Wednesday, August 3, 2011

Oncology Update

My update is a little conflicting and I have more investigating to do but here is what I know right now.

Barry and I met with my oncologist, Dr. H at VCU's Massey Cancer Center. According to Dr. H the cancer that was found in my sentinel lymph node following surgery was not "micro-metastatic." She says is was an actual tumor which measured 7 mm. in size which she said is very small but not microscopic as Barry and I remember the surgeon telling us. The good news is that the tumor was self-contained. It had not spread outside the walls of the lymph node structure. I need to ask some more questions of my surgeon to understand why he says it was "micro-metastatic cancer" and my oncologist is saying "tumor." My surgeon was pretty adamant that I would not need chemo but then again - he is a surgeon, not an oncologist. Someone's wires are crossed somewhere and that makes a big difference in the decision to do chemo.

Because of the lymph node involvement, Dr. H recommended I take some chemo - she called it "chemo light" - which would be six rounds of two drugs: taxotere and cytoxan. I would take these drugs every three weeks through an IV. There is a third drug that is often given to breast cancer patients (I can't remember the name - sorry!). This third drug is the one that causes most of the nausea, vomiting and carries a risk of weakening the heart. She said I would not have this third drug. I believe the normal chemo regimen is 8 rounds of all three drugs.

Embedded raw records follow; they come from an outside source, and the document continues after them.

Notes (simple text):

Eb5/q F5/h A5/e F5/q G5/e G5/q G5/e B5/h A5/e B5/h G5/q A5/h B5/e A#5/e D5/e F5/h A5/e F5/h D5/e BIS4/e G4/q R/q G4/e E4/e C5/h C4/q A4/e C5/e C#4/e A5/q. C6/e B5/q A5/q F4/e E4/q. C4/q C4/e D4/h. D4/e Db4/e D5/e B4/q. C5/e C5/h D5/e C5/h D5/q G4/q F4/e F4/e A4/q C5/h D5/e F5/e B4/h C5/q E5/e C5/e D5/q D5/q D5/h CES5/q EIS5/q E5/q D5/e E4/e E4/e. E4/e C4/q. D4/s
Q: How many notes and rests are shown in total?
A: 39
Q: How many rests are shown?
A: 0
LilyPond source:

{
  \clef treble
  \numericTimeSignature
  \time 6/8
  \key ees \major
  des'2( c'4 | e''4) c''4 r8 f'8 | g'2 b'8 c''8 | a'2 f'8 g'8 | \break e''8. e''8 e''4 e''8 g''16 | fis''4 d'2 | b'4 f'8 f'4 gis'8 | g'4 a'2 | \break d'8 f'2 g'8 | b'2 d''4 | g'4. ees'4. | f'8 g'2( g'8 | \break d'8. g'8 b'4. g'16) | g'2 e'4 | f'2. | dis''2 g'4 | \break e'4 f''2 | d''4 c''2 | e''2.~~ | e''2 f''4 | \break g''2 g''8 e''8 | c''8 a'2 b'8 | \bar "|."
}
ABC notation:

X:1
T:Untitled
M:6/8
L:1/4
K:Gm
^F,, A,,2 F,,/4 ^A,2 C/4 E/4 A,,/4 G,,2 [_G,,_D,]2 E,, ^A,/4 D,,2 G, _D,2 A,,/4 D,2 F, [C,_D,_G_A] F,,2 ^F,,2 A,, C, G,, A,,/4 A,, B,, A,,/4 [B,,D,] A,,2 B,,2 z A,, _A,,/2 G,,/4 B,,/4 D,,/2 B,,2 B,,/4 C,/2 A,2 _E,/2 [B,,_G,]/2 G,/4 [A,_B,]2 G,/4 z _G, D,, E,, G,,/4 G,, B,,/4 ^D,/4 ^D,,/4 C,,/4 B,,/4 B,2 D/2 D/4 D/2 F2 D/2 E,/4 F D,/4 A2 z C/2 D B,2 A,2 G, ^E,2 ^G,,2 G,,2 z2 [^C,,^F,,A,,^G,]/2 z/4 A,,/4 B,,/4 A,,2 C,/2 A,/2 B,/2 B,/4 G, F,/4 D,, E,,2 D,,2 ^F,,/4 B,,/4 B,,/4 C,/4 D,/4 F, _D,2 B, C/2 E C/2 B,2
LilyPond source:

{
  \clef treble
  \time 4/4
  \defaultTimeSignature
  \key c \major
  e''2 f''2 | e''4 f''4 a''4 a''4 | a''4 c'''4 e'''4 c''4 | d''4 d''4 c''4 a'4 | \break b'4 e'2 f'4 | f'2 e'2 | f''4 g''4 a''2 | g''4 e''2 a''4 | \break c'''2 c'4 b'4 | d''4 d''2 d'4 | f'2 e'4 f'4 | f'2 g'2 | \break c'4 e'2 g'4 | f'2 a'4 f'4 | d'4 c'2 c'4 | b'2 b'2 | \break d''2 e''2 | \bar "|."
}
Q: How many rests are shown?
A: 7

Yes, I will lose my hair on this regimen. Besides the hair loss, my side effects would be mostly tiredness, muscle aches and chemo brain (foggy thinking - worse than what I already have!). There is an increased risk of infection, possible nausea/vomiting and a rare risk of leukemia. Dr. H then recommends radiation following chemo, eventually a complete hysterectomy and then hormonal therapy (either tamoxifen or an aromatase inhibitor) to suppress any estrogen in my body.

I had the oncotype DX test which is a genomic test of my tumor. This test really didn't seem to help much only because my score came out in a "gray" area. The test recommends no chemo for someone with a score of 18 or less. My score was 17 which would indicate no chemo. But it does not take into account the fact that I am pre-menopausal or the fact that I have lymph node involvement. And Dr. H feels that since I was on the high side of "no chemo" and have the lymph node involvement, she believes chemo is necessary. She also said the oncotype DX test people are strongly considering moving that low range from 18 down to 16. If my score was really low - like a 5 - and I had no lymph node involvement, then that would make a decision to not do chemo relatively easy.

In other news... I have developed an infection in my breast in the lumpectomy site, so I have to go on antibiotics over the next 7-10 days before I can start chemo anyway. This gives me some time to sort this out and seek a second opinion. I am strongly inclined to do chemo. I want to make sure I hit this cancer with everything possible.

Even though I have been through surgery, this experience doesn't seem real to me. I am sure it is going to get a whole lot more "real" in the coming weeks.

On a positive note - just think of all the money I will save on haircuts and color this year!